Calcutta, May 13: The ignominious defeat of the Buddhadeb Bhattacharjee government today spells not just a change of guard at Writers’ Building but is a grievous blow to the CPM and Left forces in the country as a whole, not unlike the collapse of the Soviet Union which adversely impacted Left parties internationally two decades ago.
An ashen-faced Left Front chairman Biman Bose today admitted that neither the CPM nor its allies had expected this “unprecedented debacle” and promised a threadbare analysis of the reasons behind the defeat. In Delhi, party leaders echoed Bose and a Politburo meeting, followed by a Central Committee meeting, are on the cards to discuss the debacle.
But such is the magnitude of the defeat and so grave are its implications for the party’s future that the usual post-mortems which the CPM is adept at and the hackneyed prescription of “rectification” are unlikely to be of much use this time. Only a complete overhaul of the party’s ways of thinking and being, starting with changes from the top and not the bottom, may help the CPM re-invent itself and regain its strength in the medium to long term.
The CPM leadership in Delhi sought to seek solace in the “narrow” defeat in Kerala to offset the gloom of Bengal but the truth is that neither Kerala nor Tripura ever measured up to the importance of Bengal for the party. Bengal was much more than just a state government. The CPM’s huge “mass base” in Bengal and seven election victories in a row made it the biggest Left bastion not just in India but in the entire “non-socialist” (i.e. countries not ruled by communist parties) world. The Bengal unit was the bulwark that nourished and sustained — materially and politically — the CPM in the rest of India and certainly in New Delhi.
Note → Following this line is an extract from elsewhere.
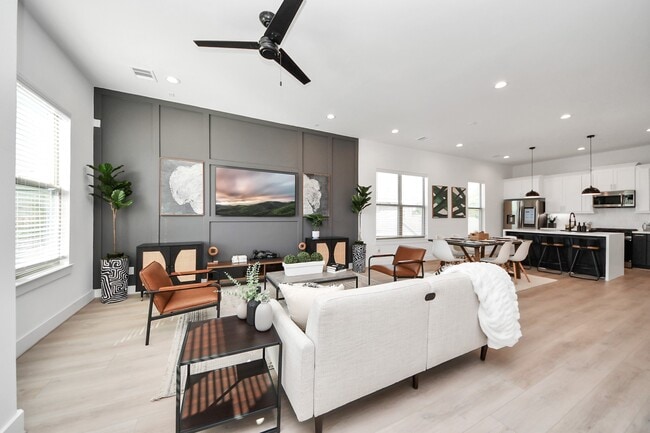 Building Photo - 2524 Live Oak St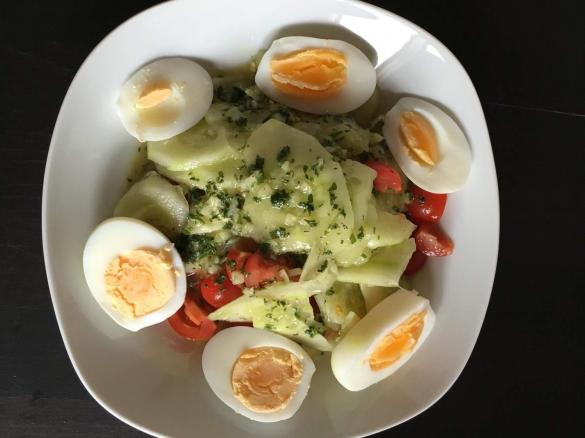 Tomaten-Gurken-Ei-Salat mit Variation vom Salat-Dressing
In the absence of MPs from Bengal, the CPM could never have influenced the working of the first UPA government at the Centre, Prakash Karat could not have become a household name by confronting the Prime Minister over the nuclear deal, and the party would not have become the nucleus of various “opposition conclaves”: and “third fronts” for two decades starting from the early 1980s.
Much like the Soviet Union, which came under attack for not being “radical” enough, many “left-oriented” people have been critical of the Left Front government in Bengal and often felt that its defeat could lead to a “cleansing” that would revitalise the CPM which remains, for better or for worse, the fountainhead of the mainstream Left in India.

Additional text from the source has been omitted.